Instructions for the task >>
Below are the entries to work from; restate word for word the portion that opens with the line containing "Emerald gemstone with" and closes with the line containing "PSD app interface mockup on phone screen", keeping both.

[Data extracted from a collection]
▽

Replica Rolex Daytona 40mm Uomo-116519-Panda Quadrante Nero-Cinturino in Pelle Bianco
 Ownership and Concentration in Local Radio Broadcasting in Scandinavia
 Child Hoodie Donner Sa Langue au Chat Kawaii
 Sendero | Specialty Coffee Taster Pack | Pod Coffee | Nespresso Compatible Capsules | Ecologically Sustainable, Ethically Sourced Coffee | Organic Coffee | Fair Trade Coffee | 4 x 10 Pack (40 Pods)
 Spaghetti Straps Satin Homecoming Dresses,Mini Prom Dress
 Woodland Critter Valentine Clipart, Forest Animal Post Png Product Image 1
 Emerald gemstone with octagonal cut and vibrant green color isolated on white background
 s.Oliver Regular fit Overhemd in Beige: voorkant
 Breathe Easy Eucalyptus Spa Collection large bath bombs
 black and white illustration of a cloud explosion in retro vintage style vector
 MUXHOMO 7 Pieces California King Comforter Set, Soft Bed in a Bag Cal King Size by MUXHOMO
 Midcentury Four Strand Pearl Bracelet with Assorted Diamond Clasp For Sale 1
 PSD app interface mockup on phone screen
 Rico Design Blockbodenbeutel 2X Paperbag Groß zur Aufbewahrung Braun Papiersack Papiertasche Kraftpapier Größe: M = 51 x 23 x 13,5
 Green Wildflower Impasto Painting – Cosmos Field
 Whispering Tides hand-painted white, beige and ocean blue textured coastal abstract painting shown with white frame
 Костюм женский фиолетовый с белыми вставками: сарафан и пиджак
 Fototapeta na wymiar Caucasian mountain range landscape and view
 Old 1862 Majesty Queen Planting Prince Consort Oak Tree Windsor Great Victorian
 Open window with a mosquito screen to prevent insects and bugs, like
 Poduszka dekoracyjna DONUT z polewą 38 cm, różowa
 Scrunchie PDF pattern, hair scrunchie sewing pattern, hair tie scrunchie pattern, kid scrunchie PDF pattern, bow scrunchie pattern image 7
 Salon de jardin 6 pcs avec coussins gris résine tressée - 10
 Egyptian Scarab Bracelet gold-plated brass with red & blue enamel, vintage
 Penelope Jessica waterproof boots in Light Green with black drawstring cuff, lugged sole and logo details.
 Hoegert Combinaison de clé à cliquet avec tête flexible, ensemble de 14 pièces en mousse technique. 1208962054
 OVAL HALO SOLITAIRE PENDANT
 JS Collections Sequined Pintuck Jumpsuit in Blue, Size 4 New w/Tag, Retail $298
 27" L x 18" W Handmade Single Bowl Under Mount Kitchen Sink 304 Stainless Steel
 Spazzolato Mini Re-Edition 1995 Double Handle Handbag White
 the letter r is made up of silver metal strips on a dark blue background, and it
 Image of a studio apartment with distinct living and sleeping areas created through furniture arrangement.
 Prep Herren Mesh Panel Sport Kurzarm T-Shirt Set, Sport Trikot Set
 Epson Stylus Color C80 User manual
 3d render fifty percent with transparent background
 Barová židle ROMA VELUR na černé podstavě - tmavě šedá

△

Output of the exercise >>
 Emerald gemstone with octagonal cut and vibrant green color isolated on white background
 s.Oliver Regular fit Overhemd in Beige: voorkant
 Breathe Easy Eucalyptus Spa Collection large bath bombs
 black and white illustration of a cloud explosion in retro vintage style vector
 MUXHOMO 7 Pieces California King Comforter Set, Soft Bed in a Bag Cal King Size by MUXHOMO
 Midcentury Four Strand Pearl Bracelet with Assorted Diamond Clasp For Sale 1
 PSD app interface mockup on phone screen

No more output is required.